# [WORK TO COMPLETE]
Retype the listing below exactly, pictures removed.

(Beginning of DATASET EXTRACT)

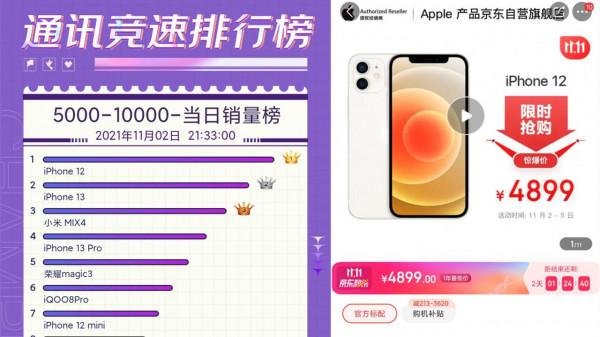 雙十一手機競速榜霸榜產品,果然價效比才是硬道理 雙十一手機競速榜霸榜產品,果然價效比才是硬道理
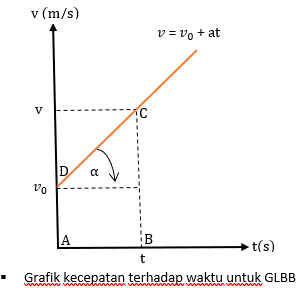 Detail Gambar Grafik Glb Dan Glbb Nomer 38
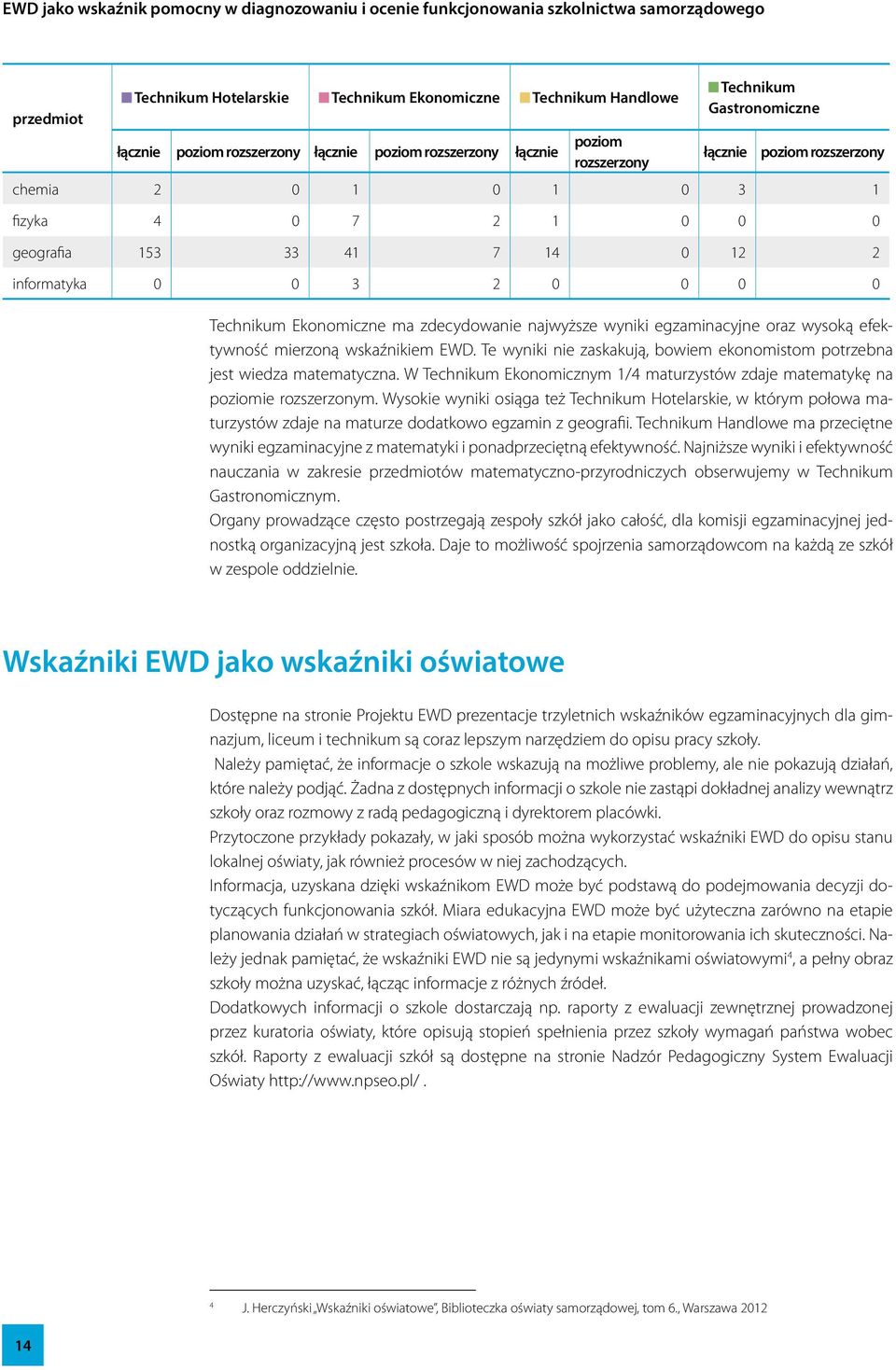 0 0 0 Technikum Ekonomiczne ma zdecydowanie najwyższe wyniki egzaminacyjne oraz wysoką efektywność mierzoną wskaźnikiem EWD.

(End of DATASET EXTRACT)

# [ANSWER FOR THE TASK]
 雙十一手機競速榜霸榜產品,果然價效比才是硬道理 雙十一手機競速榜霸榜產品,果然價效比才是硬道理
 Detail Gambar Grafik Glb Dan Glbb Nomer 38
 0 0 0 Technikum Ekonomiczne ma zdecydowanie najwyższe wyniki egzaminacyjne oraz wysoką efektywność mierzoną wskaźnikiem EWD.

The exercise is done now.